Goal of the exercise: Only one stretch of the data should be retyped: the lines from the line containing "Imóvel Comercial à" through the line containing "1992 single family". Keep pictures out of it.

Data for this exercise:
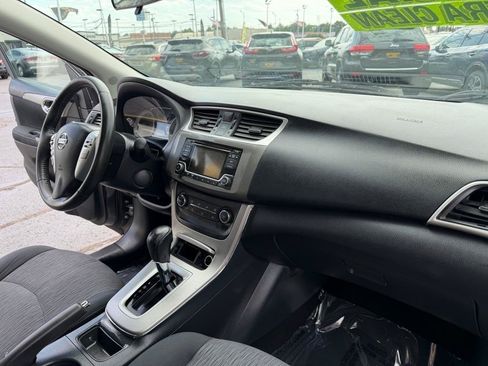 Used 2015 Nissan Sentra SV FWD image 20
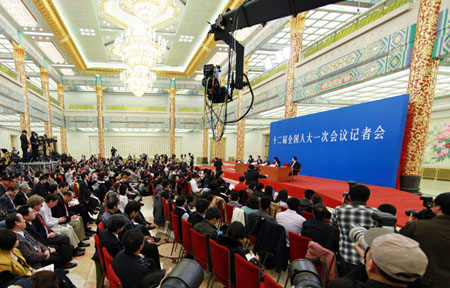 十二届全国人大一次会议在人民大会堂三楼金色大厅举行记者会，图为外交部部长杨洁篪答中外记者问。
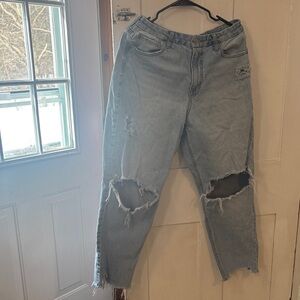 American Eagle Outfitters Light Blue Curvy Mom Jeans- SIZE 12 Regular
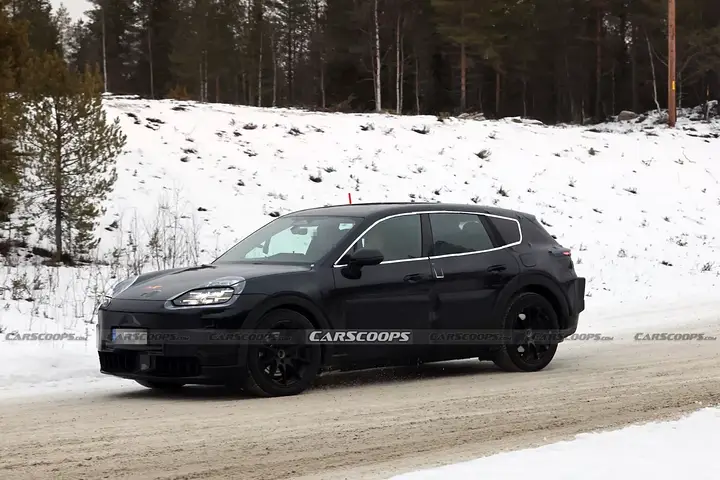 Porsche-Cayenne-EV-scoop-00004-1536x1025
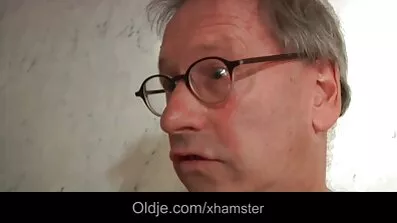 Milf jerks off pik af hendes kamp analsex movies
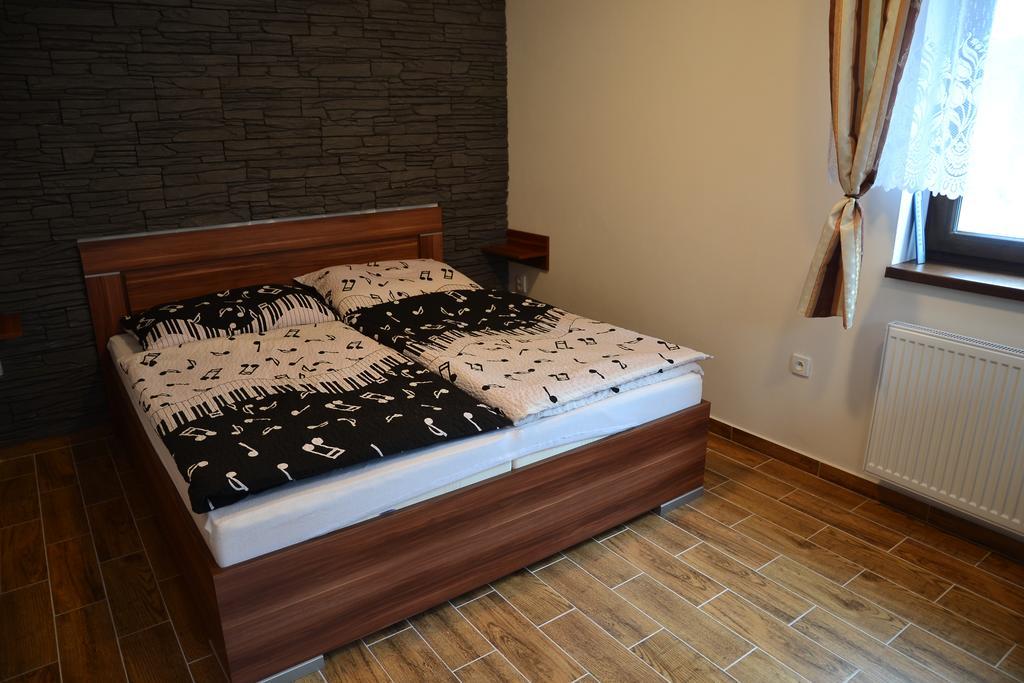 Apartmany Nad Rekou Svoboda nad Upou Exterior photo
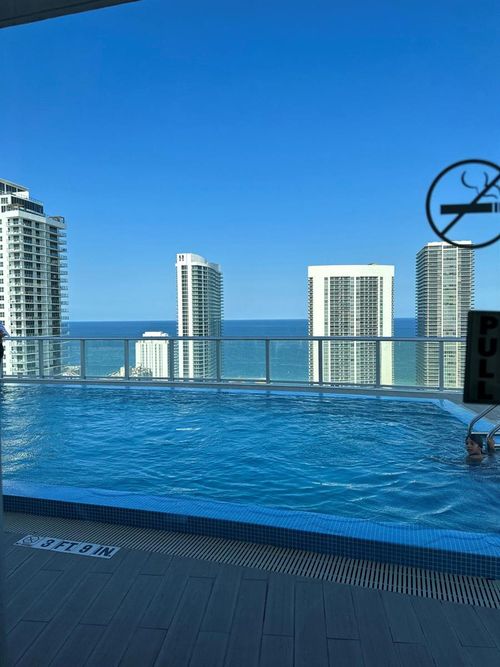 t3110-2600 E Hallandale Beach Blvd, Hallandale Beach, FL, 33009-4876 | Card Image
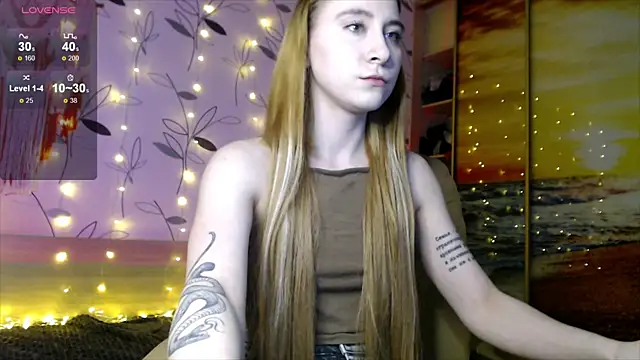 Snapshot of Ivy_dean chatting on 03/07/25, 11:38 Ivy dean online show from 03/07/25, 11:38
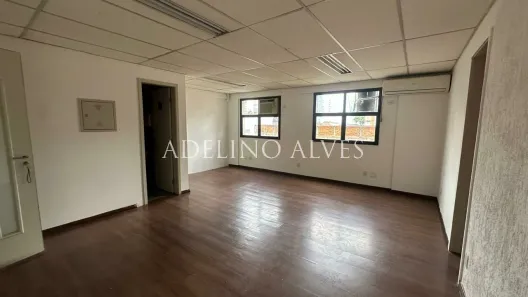 Imóvel Comercial à venda, 33m² no Vila Nova Conceição, São Paulo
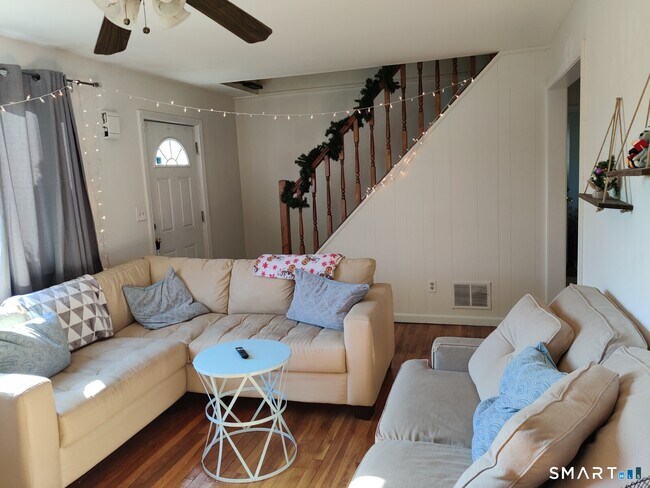 Foto del edificio - 100 Loftus Cir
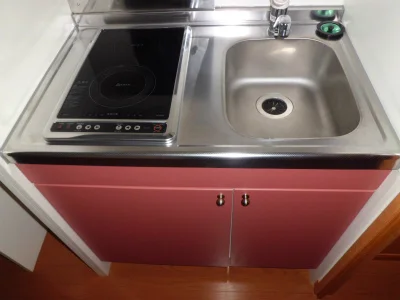 2口電気コンロ付きミニキッチン。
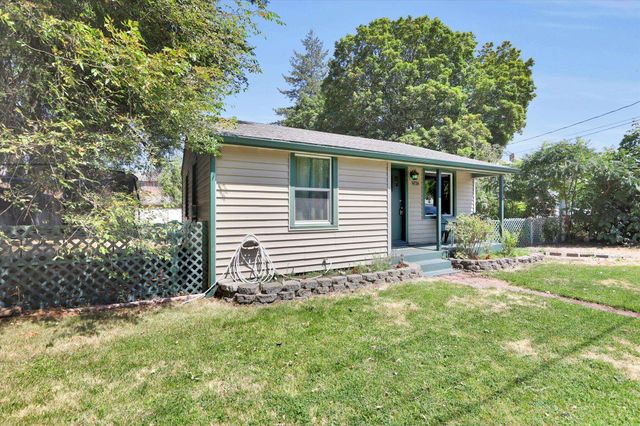 12417 E 8th Ave, Spokane Valley, WA 99216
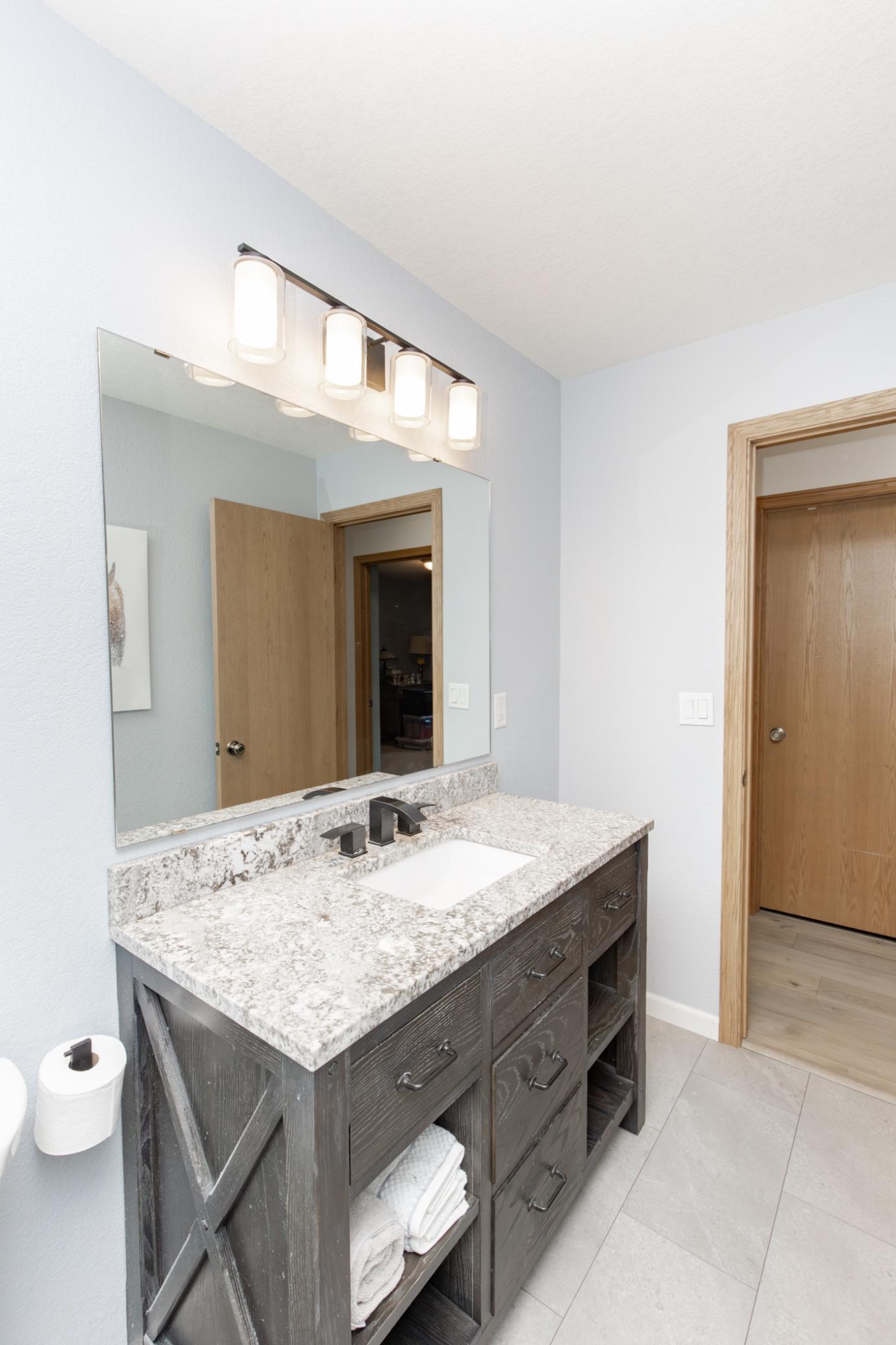 1992 single family home for sale at 2715 33rd Street S in Fargo, ND — 4 bed, 3 bath (photo 41 of 51)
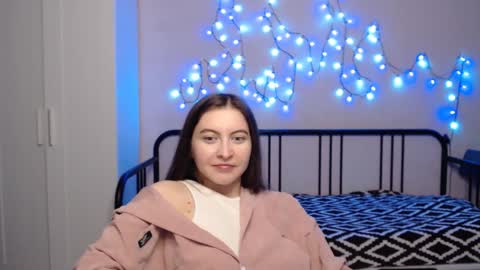 Alice online show from December 18, 6:25 pm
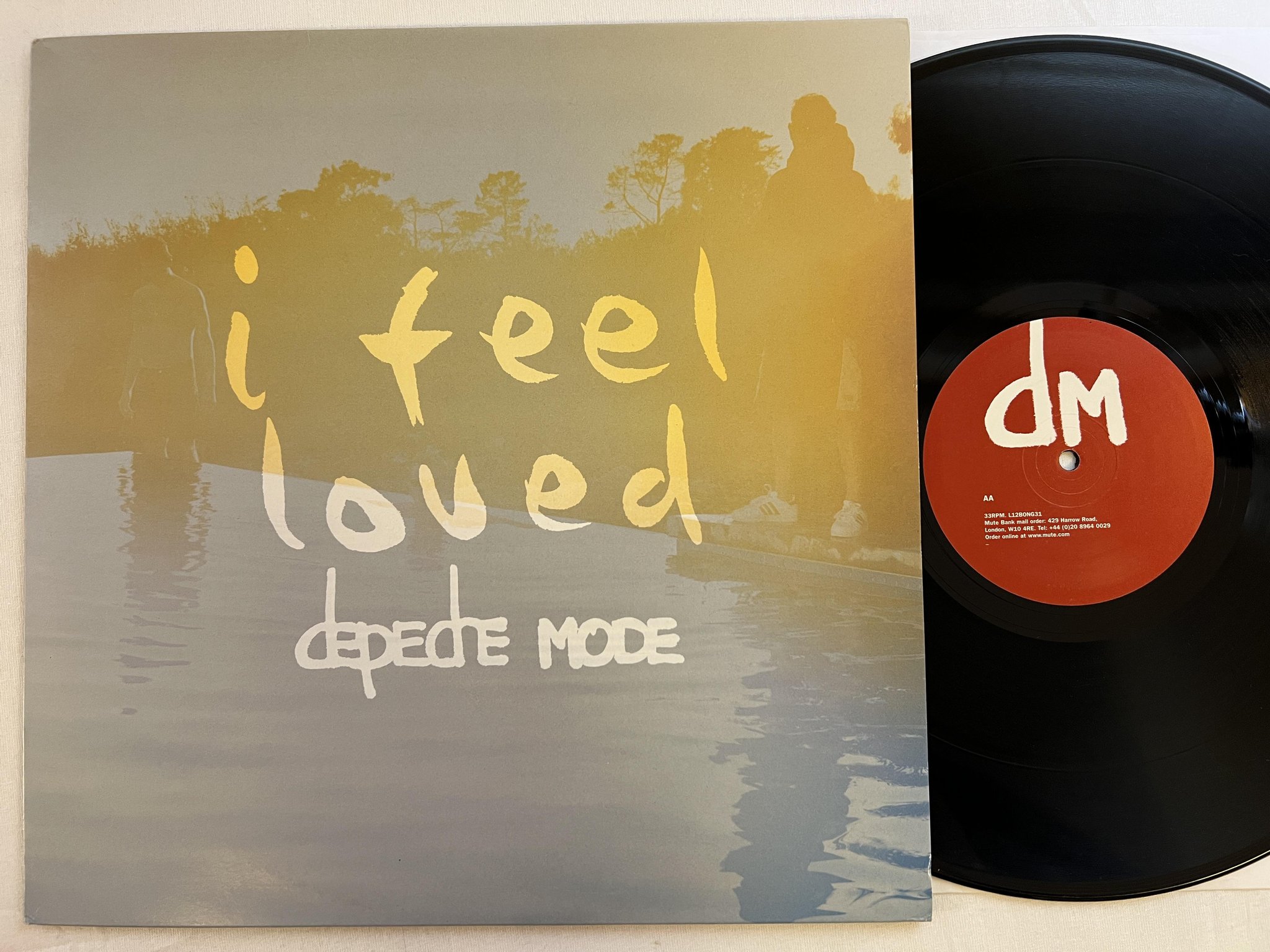Omslagsbild för skivan DEPECHE MODE I feel loved 12"single 2001 UK 12BONG31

Solved exercise:
 Imóvel Comercial à venda, 33m² no Vila Nova Conceição, São Paulo
 Foto del edificio - 100 Loftus Cir
 2口電気コンロ付きミニキッチン。
 12417 E 8th Ave, Spokane Valley, WA 99216
 1992 single family home for sale at 2715 33rd Street S in Fargo, ND — 4 bed, 3 bath (photo 41 of 51)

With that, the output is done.